IOC wants Japan's main stadium ready by January 2020

IOC wants Japan's main stadium ready by January 2020

Published Aug. 25, 2015 5:04 a.m. ET

TOKYO (AP) A top International Olympic Committee official urged Japan on Tuesday to speed up the troubled construction of Tokyo's new national stadium for delivery by January 2020, but the Japanese minister in charge of the Games cautioned this may not be possible.

IOC vice president John Coates told reporters in Tokyo that he asked Japan's senior Olympic officials to meet the deadline in order to run a series of tests before the Games open in August 2020.

''The stadium has to be available for ceremonies and rehearsals,'' Coates said. ''They need to have the handover to the organizing committee by January 2020.'' He emphasized the timing word by word.

That gives Japan three months less than the planned April 2020 handover.

ADVERTISEMENT

Japan's Olympic Minister Toshiaki Endo, who was appointed to the post just two months ago, said it would be difficult to meet that target because April was already a tight deadline.

''April (2020) is the target we could barely make, and moving up the schedule further at this point is difficult,'' Endo said.

It was a ''heavy request'' he could not accept immediately, he said. ''I will seek wisdom from everyone so Japan can finish the construction as quickly as possible and accommodate the request'' from the IOC.

Coates said the IOC did not request an 80,000 capacity, the size Japan had set for the earlier design.

This design was scrapped in July following a public outcry over the 252 billion yen ($2 billion) price tag - which was nearly double the original estimate and would have made it the most expensive sports stadium ever.

Endo said he hoped to keep the cost of the revised stadium below 200 billion yen ($1.7 billion).

The government has said it would start over with a new design and construction competition.

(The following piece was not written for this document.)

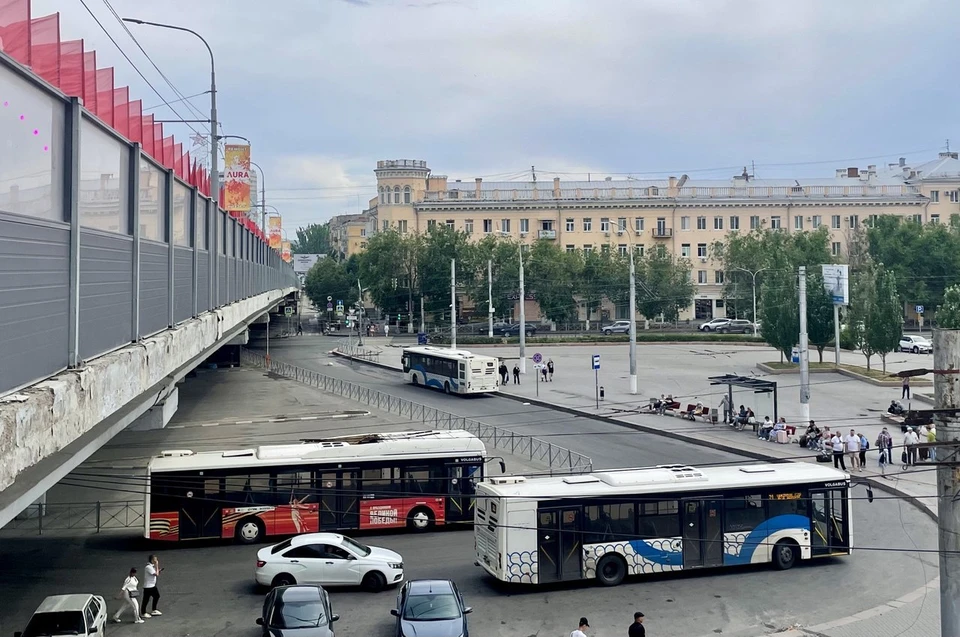 В городе продолжают обновлять общественный транспорт.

The move means the stadium will not be ready as planned for the 2019 Rugby World Cup in Japan, but Tokyo organizers said they are confident it will be built in time for the games.

Along with the stadium uncertainty, the official logo for the Tokyo Olympics triggered an allegation that its designer might have copied the emblem of a Belgian theater. The Japanese designer Kenjiro Sano has denied the claim, saying his design is original and that he never saw the emblem for the Theatre de Liege before creating the logo.